Acronym: AUMAlternate name: Funds under management

For example, the XYZ fund invests in stocks within the technology sector. As a result of many investors purchasing shares, the XYZ fund has $20 billion in total assets under management, meaning that $20 billion is invested in various technology stocks. The fund’s portfolio manager may decide to buy or sell various technology stocks throughout the year and decides on the fund’s asset allocation, meaning the percentages of the fund’s total assets allocated to each technology stock.

How Does Assets Under Management Work?

Suppose you buy $10,000 worth of shares in a mutual fund. That money is added to the total AUM of the fund. The company will use your money to buy more securities for the fund, and then that $10,000 will grow or shrink. It depends on how the fund performs. Now, let’s look at it from the individual angle. Imagine that the $10,000 you invested was on top of the $50,000 you already owned. That would make your total AUM with that mutual fund $60,000.

What Does a Mutual Fund’s Total Assets Under Management Mean to Individual Investors?

Knowing a mutual fund’s AUM can be useful, because a larger AUM amount can become a drag on the fund’s performance by making it more difficult to manage. A high relative size of net assets can also force a fund into a different style or category. For instance, a small-cap stock fund with $1 billion in net assets might not perform as well as a small-cap stock fund with $500 million in net assets, because large investments in small companies can actually adversely affect the share price of the small company being bought or sold in the fund. For that reason, small-cap stock funds that have high net assets tend to buy stocks of large-cap companies. A fund could evolve into a mid-cap stock fund by getting away from its initial focus. This result is called “style drift.”

AUM vs. NAV

A mutual fund’s total AUM is not to be confused with net asset value (NAV), which represents the total assets minus liabilities. This figure can be used to calculate how much a share of the particular fund is worth. Like AUM, it fluctuates daily as total assets and liabilities change.

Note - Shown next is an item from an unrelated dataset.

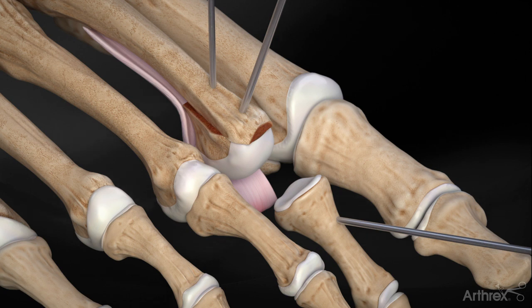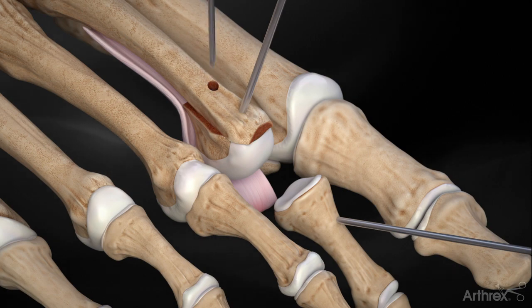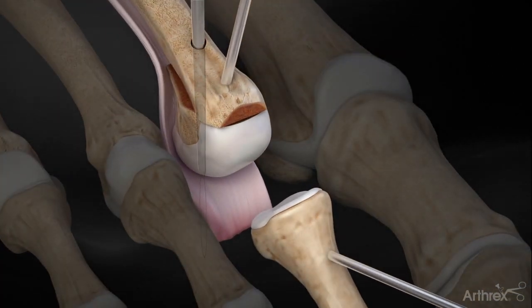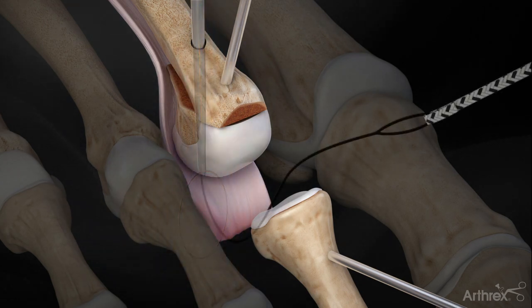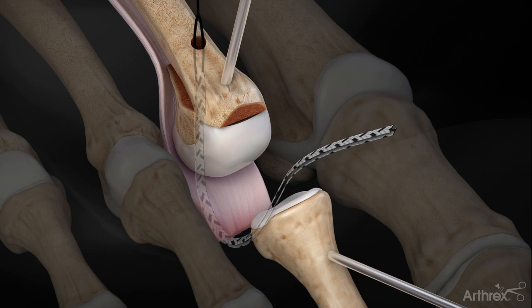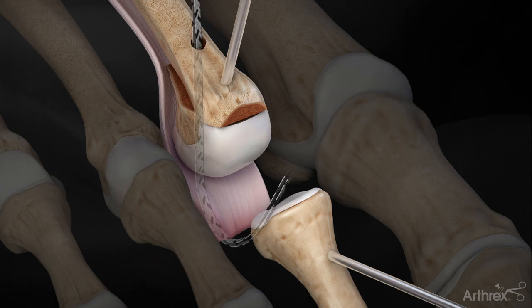The 2.5 mm cannulated drill is used to drill a bicortical bone tunnel in the proximal phalanx. Feed the straight microsuture lasso through the metatarsal tunnel and puncture through the plantar plate. Shuttle the suture passing wire through the lasso and retrieve the wire at the joint through the dorsal incision. A doubled-over labelled tape suture is fed into the suture passing wire and shuttled through the plantar plate and metatarsal tunnel.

How Can You Evaluate Total AUM?

Size is relative. It helps when you understand what qualifies as too much by comparing to averages, or “apples to apples.” For instance, the total AUM for an average large-cap stock fund can be in the range of $500 million. The largest large-cap stock funds can have more than $50 billion under management. But bigger is not always better. It’s helpful to look for average to below-average AUM for a mutual fund. Most often, the smaller the capitalization of a fund, the lower the AUM an investor will seek. Very low AUM, such as $10 million or less, can be cause for caution. Again, refer to the AUM averages for other funds within your target fund’s category. That can help you make comparisons when it comes to average or below-average AUM. Note that the size of an index fund’s total AUM will not often affect its performance, as it will for an actively managed mutual fund. In fact, many actively managed large-cap stock mutual funds with high relative AUM begin to perform like an index fund. That’s because the manager is forced to buy stocks that are in the index.